** Materials provided follows **
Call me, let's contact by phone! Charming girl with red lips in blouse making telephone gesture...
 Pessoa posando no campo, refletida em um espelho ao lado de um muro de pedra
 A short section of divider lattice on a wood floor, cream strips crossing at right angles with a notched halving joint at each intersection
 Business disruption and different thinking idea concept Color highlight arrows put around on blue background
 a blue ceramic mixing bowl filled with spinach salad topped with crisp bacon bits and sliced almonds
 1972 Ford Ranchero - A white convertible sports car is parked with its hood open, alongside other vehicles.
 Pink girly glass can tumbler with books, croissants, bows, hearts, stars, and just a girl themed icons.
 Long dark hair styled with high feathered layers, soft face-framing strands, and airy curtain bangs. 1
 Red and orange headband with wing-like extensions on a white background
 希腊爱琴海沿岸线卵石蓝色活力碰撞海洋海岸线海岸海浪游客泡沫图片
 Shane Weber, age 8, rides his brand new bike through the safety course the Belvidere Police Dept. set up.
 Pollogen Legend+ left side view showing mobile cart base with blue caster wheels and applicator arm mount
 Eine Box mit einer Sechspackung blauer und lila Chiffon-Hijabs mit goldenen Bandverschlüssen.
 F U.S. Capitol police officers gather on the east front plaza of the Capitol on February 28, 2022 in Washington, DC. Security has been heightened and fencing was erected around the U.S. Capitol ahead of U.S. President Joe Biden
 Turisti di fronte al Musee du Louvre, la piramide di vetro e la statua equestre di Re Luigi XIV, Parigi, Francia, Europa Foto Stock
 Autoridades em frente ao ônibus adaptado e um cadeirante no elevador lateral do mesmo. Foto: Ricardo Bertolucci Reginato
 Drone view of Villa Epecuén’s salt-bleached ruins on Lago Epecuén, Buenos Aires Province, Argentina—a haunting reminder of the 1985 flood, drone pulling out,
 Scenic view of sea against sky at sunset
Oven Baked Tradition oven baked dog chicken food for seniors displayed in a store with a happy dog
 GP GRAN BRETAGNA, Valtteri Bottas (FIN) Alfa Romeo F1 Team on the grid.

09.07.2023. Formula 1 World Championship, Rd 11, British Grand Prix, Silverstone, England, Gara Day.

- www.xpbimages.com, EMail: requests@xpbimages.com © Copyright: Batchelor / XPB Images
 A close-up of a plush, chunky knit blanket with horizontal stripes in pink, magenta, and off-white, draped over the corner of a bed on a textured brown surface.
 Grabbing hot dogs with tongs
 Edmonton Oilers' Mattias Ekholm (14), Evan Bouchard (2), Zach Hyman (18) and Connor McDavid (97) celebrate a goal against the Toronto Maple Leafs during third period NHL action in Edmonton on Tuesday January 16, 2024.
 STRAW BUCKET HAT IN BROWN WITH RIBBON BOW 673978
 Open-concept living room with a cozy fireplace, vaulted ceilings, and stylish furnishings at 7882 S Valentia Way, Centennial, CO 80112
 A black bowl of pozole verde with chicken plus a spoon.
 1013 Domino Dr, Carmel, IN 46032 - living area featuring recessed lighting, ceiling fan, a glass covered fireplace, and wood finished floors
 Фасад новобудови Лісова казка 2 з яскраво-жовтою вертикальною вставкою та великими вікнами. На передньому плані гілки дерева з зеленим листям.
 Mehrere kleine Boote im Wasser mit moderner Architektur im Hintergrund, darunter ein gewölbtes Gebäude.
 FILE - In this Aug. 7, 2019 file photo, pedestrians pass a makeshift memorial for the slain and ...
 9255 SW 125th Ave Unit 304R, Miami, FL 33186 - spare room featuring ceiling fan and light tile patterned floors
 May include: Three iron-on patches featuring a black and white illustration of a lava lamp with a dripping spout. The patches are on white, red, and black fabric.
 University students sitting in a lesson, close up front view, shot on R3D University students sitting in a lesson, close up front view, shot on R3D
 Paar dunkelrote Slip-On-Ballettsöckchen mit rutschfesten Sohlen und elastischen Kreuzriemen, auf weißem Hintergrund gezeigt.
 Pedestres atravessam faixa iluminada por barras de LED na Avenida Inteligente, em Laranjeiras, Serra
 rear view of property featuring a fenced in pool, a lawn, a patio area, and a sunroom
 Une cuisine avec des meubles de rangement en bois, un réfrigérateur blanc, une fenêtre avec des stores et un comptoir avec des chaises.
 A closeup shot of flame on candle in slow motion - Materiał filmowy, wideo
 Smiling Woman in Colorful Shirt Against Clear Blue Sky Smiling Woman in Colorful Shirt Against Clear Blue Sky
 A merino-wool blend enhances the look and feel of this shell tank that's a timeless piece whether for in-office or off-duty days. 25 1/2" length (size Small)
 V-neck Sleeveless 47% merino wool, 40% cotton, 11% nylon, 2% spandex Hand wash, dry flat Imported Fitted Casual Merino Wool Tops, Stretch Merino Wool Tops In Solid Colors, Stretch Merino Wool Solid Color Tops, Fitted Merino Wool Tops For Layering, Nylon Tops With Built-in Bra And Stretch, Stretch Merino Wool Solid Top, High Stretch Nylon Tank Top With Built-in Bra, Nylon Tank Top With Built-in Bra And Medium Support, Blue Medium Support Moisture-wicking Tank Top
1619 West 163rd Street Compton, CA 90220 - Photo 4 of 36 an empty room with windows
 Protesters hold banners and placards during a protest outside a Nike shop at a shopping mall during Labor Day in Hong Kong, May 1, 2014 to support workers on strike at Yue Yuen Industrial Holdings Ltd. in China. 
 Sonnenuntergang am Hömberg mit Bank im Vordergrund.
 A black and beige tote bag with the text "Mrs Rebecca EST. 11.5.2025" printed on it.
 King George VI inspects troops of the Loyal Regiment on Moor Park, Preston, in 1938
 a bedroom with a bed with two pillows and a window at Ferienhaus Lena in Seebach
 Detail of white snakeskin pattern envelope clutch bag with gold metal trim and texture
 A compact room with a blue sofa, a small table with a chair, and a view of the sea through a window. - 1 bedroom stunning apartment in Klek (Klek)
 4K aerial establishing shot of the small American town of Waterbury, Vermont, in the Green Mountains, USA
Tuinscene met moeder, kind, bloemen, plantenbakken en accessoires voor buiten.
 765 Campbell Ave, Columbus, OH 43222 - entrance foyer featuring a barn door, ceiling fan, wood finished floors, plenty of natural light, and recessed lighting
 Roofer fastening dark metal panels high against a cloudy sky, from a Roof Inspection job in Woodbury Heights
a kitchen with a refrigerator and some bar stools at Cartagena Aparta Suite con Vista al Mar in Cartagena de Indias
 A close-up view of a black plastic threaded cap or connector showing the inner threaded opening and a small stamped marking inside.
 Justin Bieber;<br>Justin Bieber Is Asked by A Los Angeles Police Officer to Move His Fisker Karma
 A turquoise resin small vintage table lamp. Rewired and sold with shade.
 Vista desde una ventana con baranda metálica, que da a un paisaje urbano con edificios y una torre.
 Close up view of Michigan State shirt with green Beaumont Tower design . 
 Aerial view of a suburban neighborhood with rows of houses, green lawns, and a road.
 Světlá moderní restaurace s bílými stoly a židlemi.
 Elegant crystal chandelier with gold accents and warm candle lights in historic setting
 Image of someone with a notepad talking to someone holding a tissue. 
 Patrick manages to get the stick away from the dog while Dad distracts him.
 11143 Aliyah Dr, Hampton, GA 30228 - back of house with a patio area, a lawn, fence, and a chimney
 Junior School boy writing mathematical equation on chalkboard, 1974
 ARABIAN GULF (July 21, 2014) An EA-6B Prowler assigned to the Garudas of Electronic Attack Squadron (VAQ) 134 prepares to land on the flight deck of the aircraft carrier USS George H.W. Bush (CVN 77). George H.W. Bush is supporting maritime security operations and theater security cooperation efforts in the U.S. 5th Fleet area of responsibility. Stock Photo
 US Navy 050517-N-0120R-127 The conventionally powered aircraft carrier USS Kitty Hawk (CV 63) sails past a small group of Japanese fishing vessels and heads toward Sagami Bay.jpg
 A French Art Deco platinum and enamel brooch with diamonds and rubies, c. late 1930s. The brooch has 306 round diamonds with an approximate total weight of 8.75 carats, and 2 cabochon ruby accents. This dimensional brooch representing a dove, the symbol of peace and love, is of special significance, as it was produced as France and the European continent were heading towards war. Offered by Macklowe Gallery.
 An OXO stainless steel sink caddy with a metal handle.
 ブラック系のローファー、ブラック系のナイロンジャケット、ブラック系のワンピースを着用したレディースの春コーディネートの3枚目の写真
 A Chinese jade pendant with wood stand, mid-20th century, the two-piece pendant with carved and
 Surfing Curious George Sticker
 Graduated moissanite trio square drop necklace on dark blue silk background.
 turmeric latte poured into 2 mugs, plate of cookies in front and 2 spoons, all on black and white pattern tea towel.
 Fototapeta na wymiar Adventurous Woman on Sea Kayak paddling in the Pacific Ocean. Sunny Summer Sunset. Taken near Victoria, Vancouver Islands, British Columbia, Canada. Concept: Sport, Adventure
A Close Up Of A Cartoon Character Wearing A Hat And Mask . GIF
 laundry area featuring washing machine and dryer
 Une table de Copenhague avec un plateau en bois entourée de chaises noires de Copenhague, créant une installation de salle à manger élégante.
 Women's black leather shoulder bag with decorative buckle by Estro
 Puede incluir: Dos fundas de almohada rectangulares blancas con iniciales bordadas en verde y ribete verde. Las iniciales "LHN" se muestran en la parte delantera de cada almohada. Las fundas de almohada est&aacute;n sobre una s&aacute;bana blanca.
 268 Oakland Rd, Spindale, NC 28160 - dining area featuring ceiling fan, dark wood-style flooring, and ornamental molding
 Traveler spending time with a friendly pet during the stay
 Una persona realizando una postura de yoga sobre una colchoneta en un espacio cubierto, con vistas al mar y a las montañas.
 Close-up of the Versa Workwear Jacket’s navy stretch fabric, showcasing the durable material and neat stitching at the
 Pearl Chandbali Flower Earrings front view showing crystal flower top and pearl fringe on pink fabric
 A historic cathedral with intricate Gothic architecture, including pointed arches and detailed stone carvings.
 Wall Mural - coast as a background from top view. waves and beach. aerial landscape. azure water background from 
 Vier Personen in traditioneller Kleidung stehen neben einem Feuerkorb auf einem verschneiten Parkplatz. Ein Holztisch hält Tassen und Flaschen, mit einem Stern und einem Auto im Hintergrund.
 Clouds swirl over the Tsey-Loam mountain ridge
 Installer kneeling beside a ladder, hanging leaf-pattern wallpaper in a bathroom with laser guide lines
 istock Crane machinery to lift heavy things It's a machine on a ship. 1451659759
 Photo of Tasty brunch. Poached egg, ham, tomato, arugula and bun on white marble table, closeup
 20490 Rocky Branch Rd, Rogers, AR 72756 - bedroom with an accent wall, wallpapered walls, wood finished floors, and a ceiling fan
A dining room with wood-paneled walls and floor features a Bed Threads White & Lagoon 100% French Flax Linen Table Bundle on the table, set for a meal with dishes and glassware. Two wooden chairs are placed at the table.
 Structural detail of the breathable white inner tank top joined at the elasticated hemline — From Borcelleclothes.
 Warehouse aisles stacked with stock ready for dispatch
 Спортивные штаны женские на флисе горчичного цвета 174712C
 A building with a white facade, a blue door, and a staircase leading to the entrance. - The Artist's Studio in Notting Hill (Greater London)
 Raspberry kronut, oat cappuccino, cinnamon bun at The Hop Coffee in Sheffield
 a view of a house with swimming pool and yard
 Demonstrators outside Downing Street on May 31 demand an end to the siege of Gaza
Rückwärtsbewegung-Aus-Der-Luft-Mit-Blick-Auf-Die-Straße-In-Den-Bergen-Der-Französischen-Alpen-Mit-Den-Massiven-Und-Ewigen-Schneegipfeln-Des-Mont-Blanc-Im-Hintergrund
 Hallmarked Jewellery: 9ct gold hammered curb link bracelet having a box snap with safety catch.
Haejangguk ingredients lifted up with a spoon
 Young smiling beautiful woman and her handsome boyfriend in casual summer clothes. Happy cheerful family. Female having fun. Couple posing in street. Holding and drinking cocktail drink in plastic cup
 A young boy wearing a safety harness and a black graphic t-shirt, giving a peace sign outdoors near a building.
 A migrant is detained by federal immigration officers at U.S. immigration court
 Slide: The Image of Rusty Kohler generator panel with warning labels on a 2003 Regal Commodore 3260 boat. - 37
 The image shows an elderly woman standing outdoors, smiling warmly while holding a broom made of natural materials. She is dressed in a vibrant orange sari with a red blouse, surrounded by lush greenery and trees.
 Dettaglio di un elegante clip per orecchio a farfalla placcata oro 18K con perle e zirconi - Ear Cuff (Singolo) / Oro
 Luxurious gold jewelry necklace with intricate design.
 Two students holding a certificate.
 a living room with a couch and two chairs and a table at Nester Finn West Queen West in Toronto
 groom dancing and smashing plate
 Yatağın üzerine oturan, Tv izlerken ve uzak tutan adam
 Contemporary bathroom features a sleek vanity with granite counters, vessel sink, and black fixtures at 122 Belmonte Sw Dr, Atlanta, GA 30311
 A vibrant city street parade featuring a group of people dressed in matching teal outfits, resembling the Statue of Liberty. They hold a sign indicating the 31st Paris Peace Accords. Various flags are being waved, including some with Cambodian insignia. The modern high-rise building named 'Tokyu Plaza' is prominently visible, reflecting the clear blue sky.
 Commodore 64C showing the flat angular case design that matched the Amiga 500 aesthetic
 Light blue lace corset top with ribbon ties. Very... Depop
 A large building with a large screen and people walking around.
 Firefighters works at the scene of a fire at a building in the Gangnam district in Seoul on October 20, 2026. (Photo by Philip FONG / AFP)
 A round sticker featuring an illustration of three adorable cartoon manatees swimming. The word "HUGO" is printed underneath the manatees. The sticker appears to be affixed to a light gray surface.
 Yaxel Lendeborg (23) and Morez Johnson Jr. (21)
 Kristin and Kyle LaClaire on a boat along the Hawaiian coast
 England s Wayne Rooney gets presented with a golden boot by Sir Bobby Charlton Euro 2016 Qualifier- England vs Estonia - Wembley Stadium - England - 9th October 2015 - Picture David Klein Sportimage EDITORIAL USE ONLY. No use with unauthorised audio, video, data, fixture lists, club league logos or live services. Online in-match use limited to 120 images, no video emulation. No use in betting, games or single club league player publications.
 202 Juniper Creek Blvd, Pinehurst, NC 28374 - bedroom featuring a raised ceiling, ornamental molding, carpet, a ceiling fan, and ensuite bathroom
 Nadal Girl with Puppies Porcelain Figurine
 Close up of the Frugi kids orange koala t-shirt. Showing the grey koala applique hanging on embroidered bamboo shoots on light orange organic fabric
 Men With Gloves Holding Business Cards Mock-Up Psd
** End of Materials provided **
Exercise instructions
For every line above with the word "accents" in it, make a copy.

Solution to the problem
 Elegant crystal chandelier with gold accents and warm candle lights in historic setting
 A French Art Deco platinum and enamel brooch with diamonds and rubies, c. late 1930s. The brooch has 306 round diamonds with an approximate total weight of 8.75 carats, and 2 cabochon ruby accents. This dimensional brooch representing a dove, the symbol of peace and love, is of special significance, as it was produced as France and the European continent were heading towards war. Offered by Macklowe Gallery.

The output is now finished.